Problem to work on:
Could you transcribe the entries below exactly, starting at the line that contains "Star Wars: Galactic" and stopping at the last line, without any pictures?

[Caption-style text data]
>>>

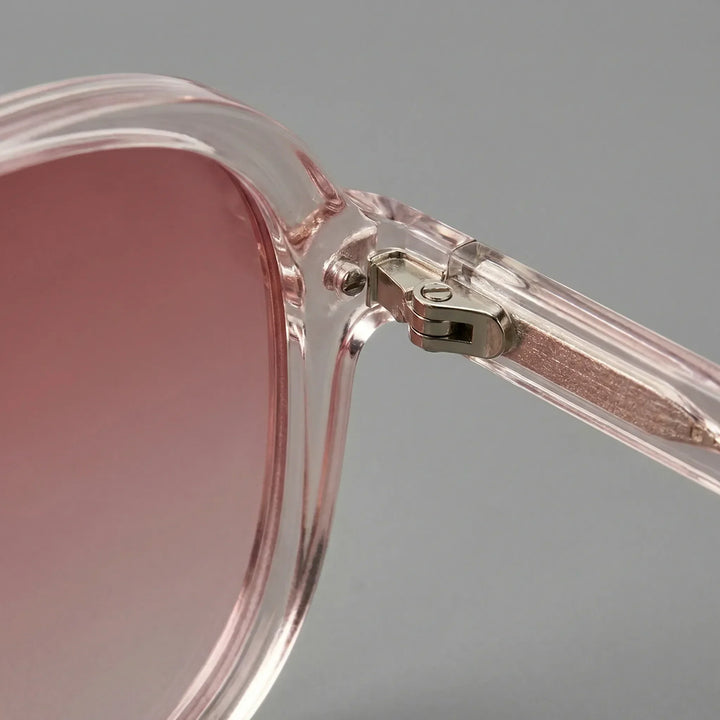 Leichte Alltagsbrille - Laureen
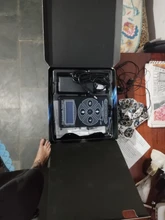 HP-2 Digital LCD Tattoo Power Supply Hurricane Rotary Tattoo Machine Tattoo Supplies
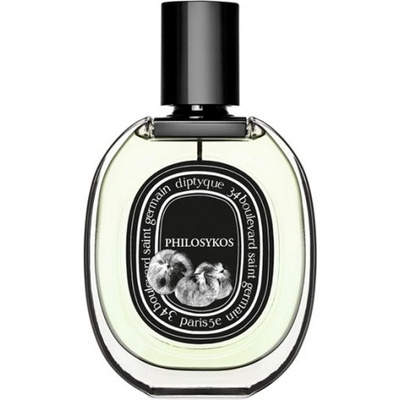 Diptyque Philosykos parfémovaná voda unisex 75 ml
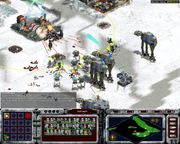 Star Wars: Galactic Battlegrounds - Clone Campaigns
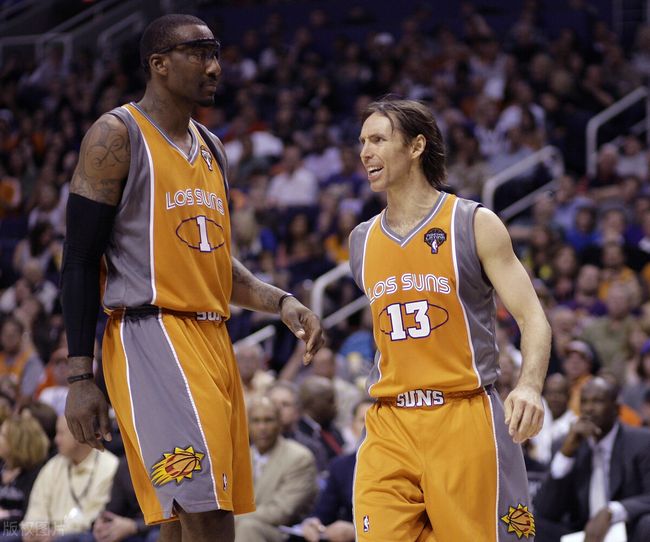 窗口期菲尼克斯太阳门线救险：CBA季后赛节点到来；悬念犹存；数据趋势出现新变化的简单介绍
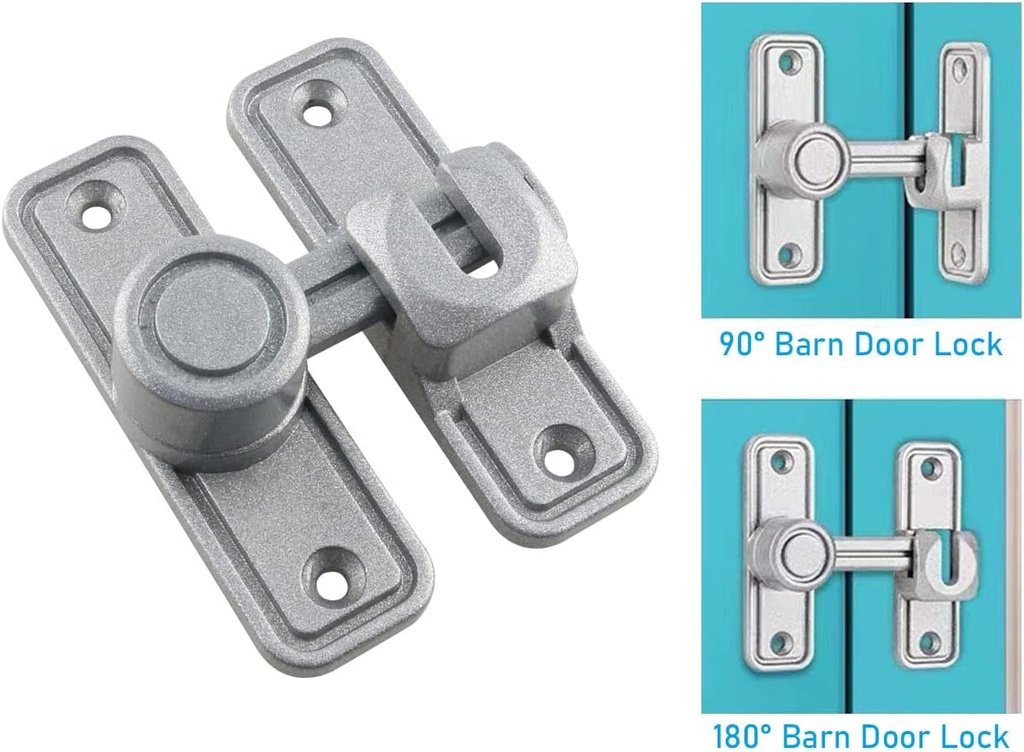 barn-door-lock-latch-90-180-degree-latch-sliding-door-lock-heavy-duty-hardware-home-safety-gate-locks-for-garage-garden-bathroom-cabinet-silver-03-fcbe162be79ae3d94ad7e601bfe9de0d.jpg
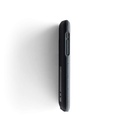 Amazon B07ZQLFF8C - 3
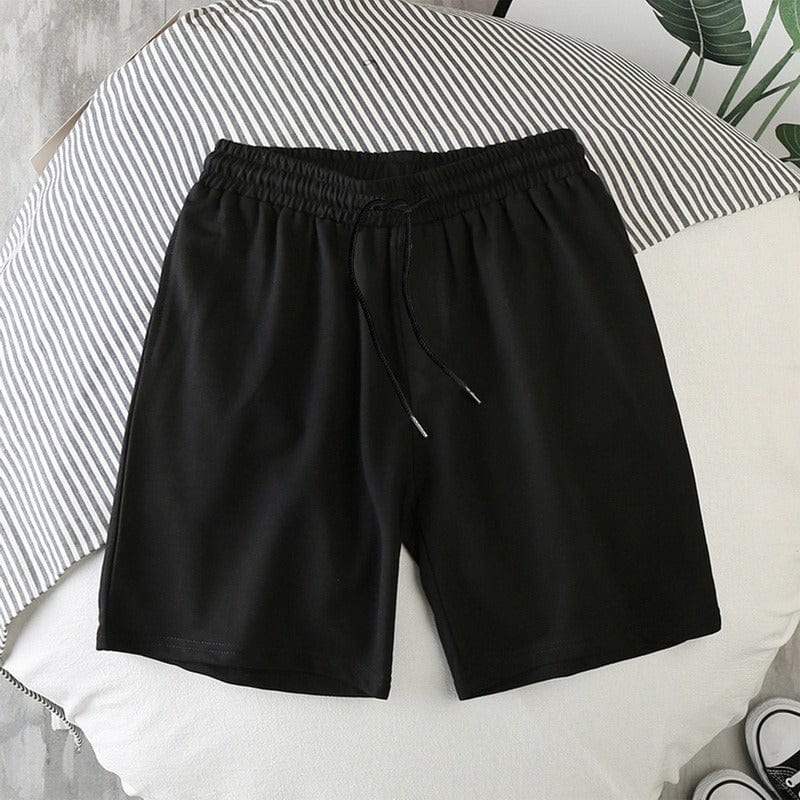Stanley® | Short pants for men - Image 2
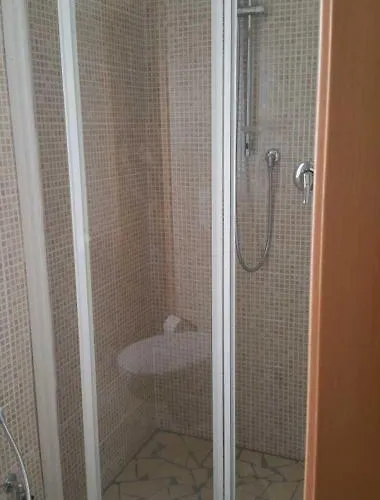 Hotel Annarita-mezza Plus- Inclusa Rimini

<<<

Output for this exercise:
 Star Wars: Galactic Battlegrounds - Clone Campaigns
 窗口期菲尼克斯太阳门线救险：CBA季后赛节点到来；悬念犹存；数据趋势出现新变化的简单介绍
 barn-door-lock-latch-90-180-degree-latch-sliding-door-lock-heavy-duty-hardware-home-safety-gate-locks-for-garage-garden-bathroom-cabinet-silver-03-fcbe162be79ae3d94ad7e601bfe9de0d.jpg
 Amazon B07ZQLFF8C - 3
Stanley® | Short pants for men - Image 2
 Hotel Annarita-mezza Plus- Inclusa Rimini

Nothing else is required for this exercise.